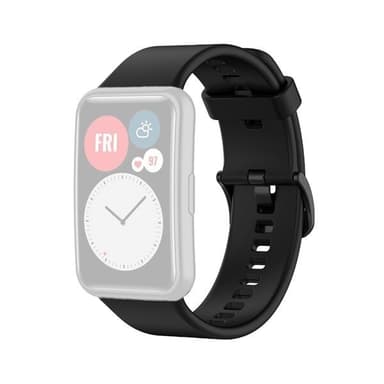 Silikonarmbånd til Huawei Watch Fit - Svart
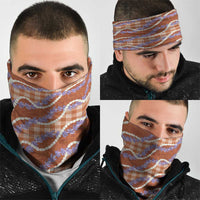 Orange Hawaii Palaka Honohono Pikake Neck Gaiter Hawaiian Orchid Lei Polynesian Pattern LT14 - Polynesian Pride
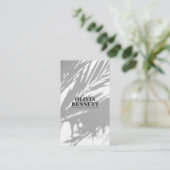 Minimalistische elegante witte moderne interieuron visitekaartje (Staand voorkant)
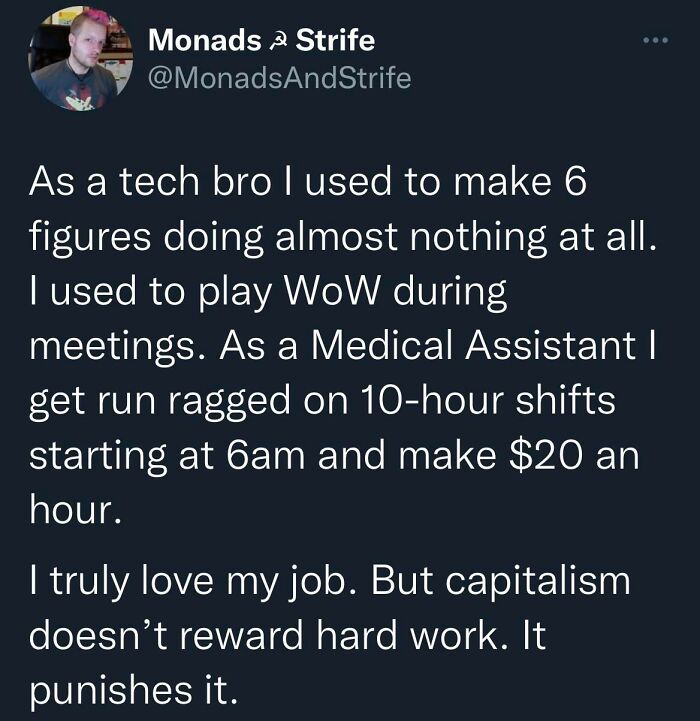 Hard Work? Capitalism Thinks Otherwise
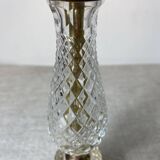 Crystal and bronze lamp bases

☆ ☆ ☆ ☆ ☆ ☆ ☆

The entries above should be reproduced exactly, without their pictures.

 Silikonarmbånd til Huawei Watch Fit - Svart
 Orange Hawaii Palaka Honohono Pikake Neck Gaiter Hawaiian Orchid Lei Polynesian Pattern LT14 - Polynesian Pride
 Minimalistische elegante witte moderne interieuron visitekaartje (Staand voorkant)
 Hard Work? Capitalism Thinks Otherwise
 Crystal and bronze lamp bases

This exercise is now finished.